*** Begin section ***

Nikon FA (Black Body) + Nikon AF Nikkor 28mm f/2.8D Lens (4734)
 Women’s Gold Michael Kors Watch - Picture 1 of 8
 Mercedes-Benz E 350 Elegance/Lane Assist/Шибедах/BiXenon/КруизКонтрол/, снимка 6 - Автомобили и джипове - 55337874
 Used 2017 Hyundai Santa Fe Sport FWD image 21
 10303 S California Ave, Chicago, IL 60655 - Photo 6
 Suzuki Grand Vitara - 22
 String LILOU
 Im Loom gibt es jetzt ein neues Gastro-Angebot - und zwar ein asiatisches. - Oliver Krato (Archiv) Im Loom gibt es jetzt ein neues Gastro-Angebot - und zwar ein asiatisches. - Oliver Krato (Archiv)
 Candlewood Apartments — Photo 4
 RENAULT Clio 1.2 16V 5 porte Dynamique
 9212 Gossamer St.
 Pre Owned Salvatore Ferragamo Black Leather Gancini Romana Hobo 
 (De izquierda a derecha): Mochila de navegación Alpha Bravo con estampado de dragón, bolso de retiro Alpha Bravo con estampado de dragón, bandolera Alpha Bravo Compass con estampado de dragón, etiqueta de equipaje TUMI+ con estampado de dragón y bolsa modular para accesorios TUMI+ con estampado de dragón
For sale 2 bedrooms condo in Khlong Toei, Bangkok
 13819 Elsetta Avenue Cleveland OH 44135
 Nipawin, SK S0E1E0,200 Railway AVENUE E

*** End section ***

Examine the listing and count its lines containing the word "Photo". State the count alone.

2